The Computer Vision and Pattern Recognition (CVPR) conference was last week in Boston. For the sake of the computer vision folk (at least in my group), I created a summary/highlights document of some paper selections here: http://web.mit.edu/zoya/www/CVPR2015brief.pdf
It takes an hour just to read all the titles of all the sessions - over 120 posters/session, 2 sessions a day, 3 days... and workshops. This field is MONSTROUS in terms of output (and this is only the 20% or so of papers that actually make it to the main conference).
Thus, having a selection of papers instead of all of them becomes at least a tiny bit more manageable.
The selections I made are roughly grouped by topic area, although many papers fit in more than one topic, and multiple might not be optimally grouped - but hey, this is how my brain sees it.
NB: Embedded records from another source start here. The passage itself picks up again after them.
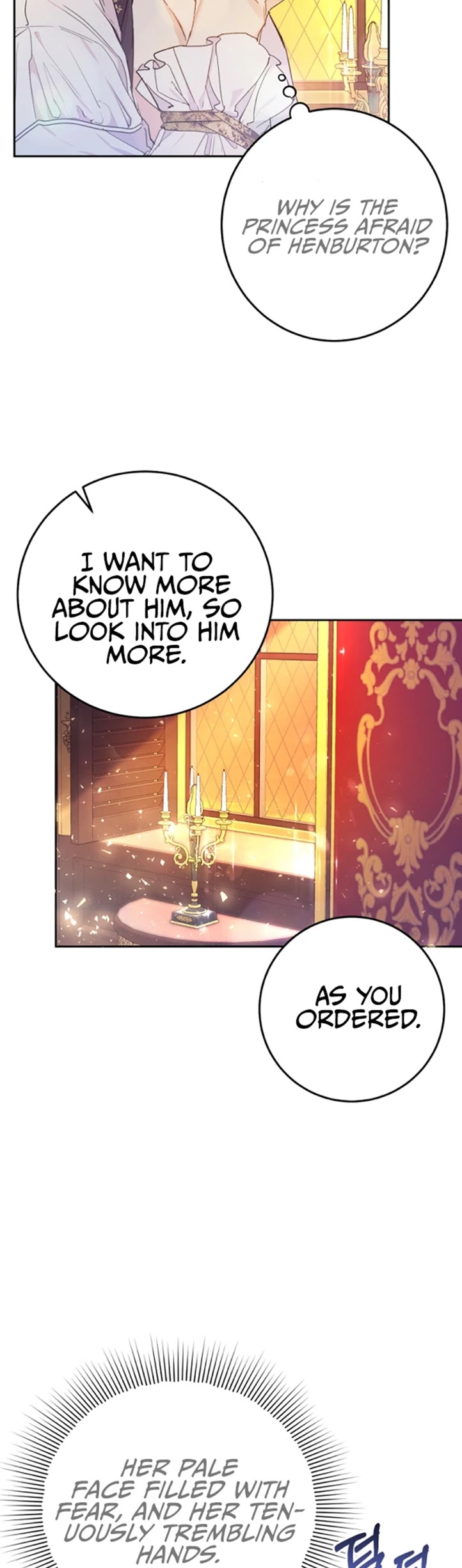 The Villainess Is a Marionette Chapter 20 page 23 - Chapter 20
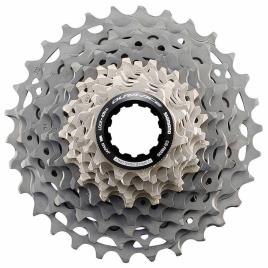 Shimano Cassete Dura Ace R9200 12s Silver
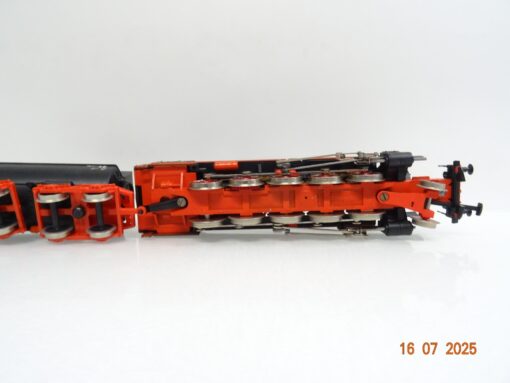 Kleinbahn H0 Österreich Dampflok 52.1719 der ÖBB JL 1550 o. – Bild 4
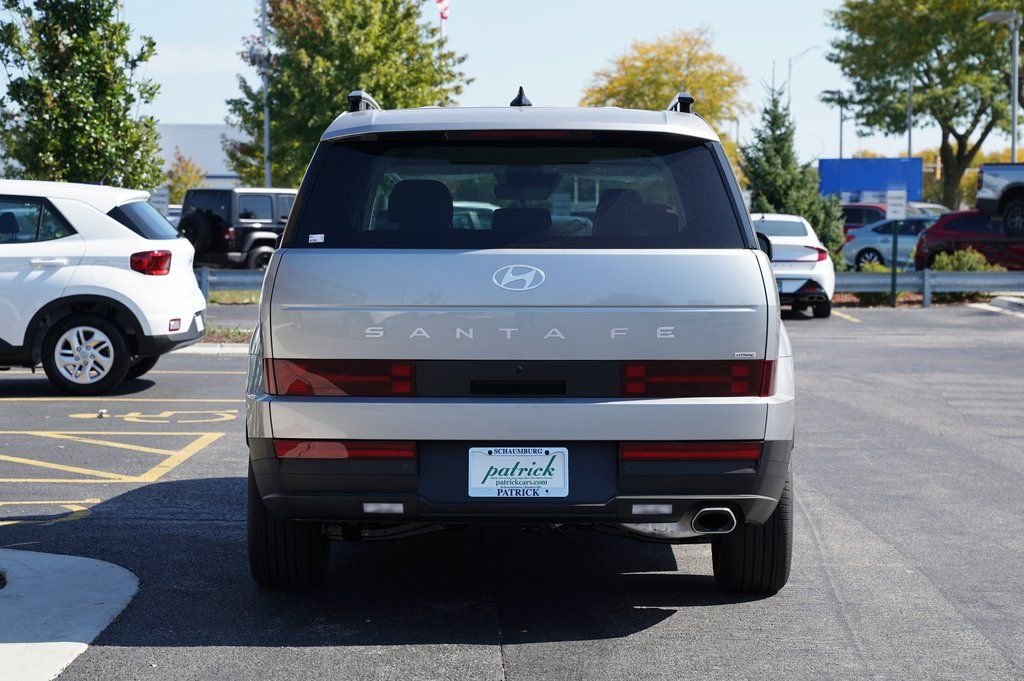 New 2026 Shimmering Silver Hyundai SEL image 31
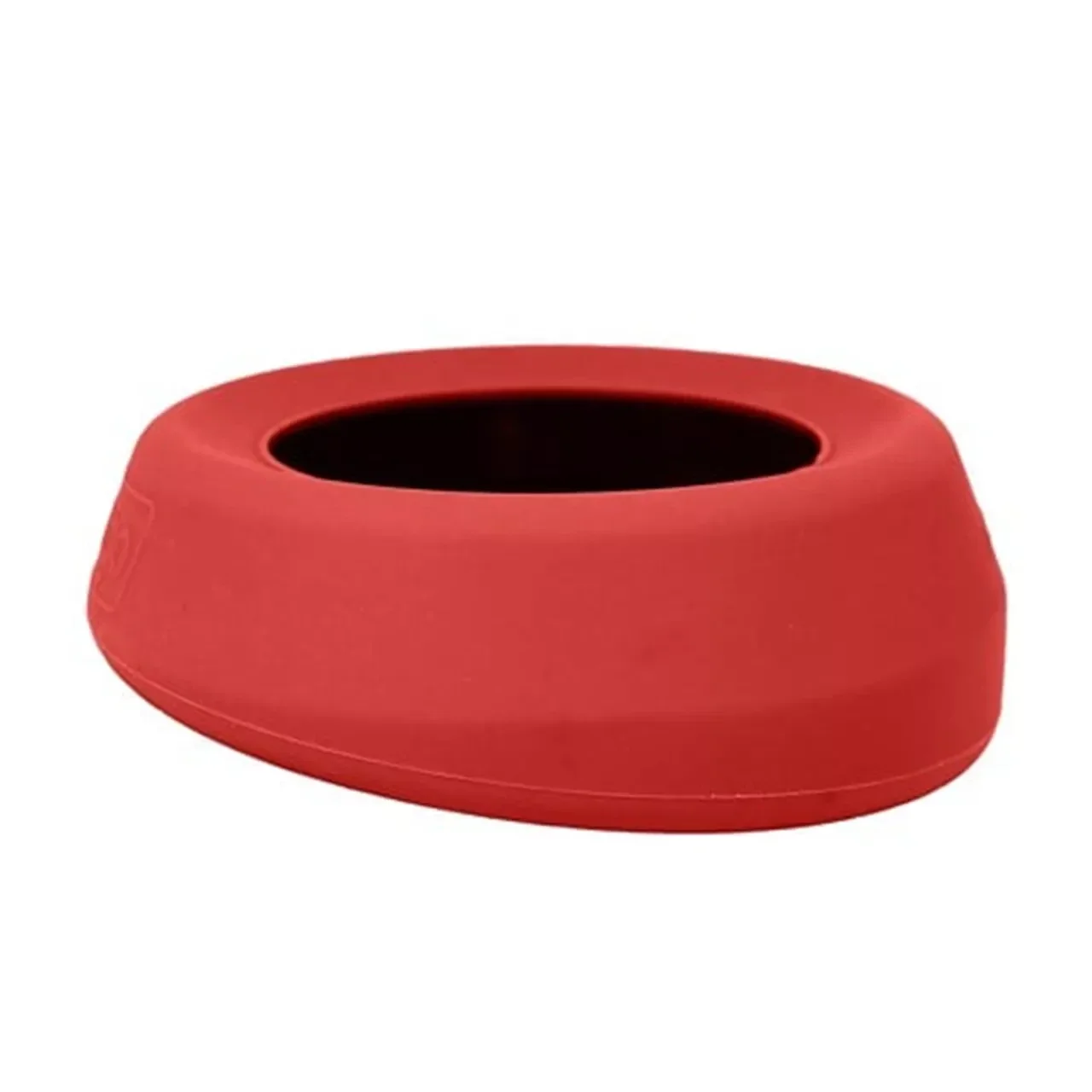 Kurgo anti spetter voer/drinkbak rood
The selection includes posters I went to see, so I can vouch that they are at least vaguely interesting. For some of them I also include a few point-form notes, which are likely to help with navigation even more.
Here's my summary of the whole conference:
I saw a few main lines of work throughout this conference: CNNs applied to computer vision problem X, metric for evaluating CNNs applied to computer vision problem X, new dataset for problem X (many times larger than previous, to allow for application of CNNs to problem X), new way of labeling the data for the new dataset for CNNs.
In summary, CNNs are here to stay. At this conference I think everyone realized how many people are actually working on CNNs... there have been arxiv entries popping up all over, but once you actually find yourself in a room full of CNN-related posters, it really hits you. I think many people also realized how many other groups are working on the exact same problems, thinking about the exact same issues, and planning on the exact same approaches and datasets. It's become quite crowded.
So this year was the CNN hammer applied to just about any vision problem you can think of - setting new baselines and benchmarks left and right. You're working on an old/new problem? Have you tried CNNs? No? The crowd moves on to the next poster that has. Many papers have "deep" or "nets" somewhere in the title, with a cute way of naming models applied to some standard problem (ShapeNets, DeepShape, DeepID, DevNet, DeepContour, DeepEdge, segDeep, ActivityNet). See a pattern? Are these people using vastly different approaches to solve similar problems? Who knows.
So what is the field going to do next year? Solve the same problem with the next hottest architecture? R-CNNs? even deeper? Some new networks with memory and attention modules? More importantly, do results get outdated the moment the papers are submitted because the next best architecture has already been released somewhere on arxiv, waiting for new benchmarking efforts? How do we track whether the numbers we are seeing reported are the latest numbers there are? Are papers really the best format to present this information and communicate progress?
These new trends in the computer vision are leaving us to think about a lot of very hard questions. It's becoming increasingly hard to predict where the field's going in a year, let alone a few years from now.
I think there are two emerging trends right now: more industry influence (all the big names seem to be moving to Google and Facebook), and more neuroscience influence (can the networks tell us more about the brain, and what can we learn about the brain to build better networks?). These two forces are beginning to increasingly shape the field. Thus, closely watching what these two forces have at their disposal might offer glimpses into where we might be going with all of this...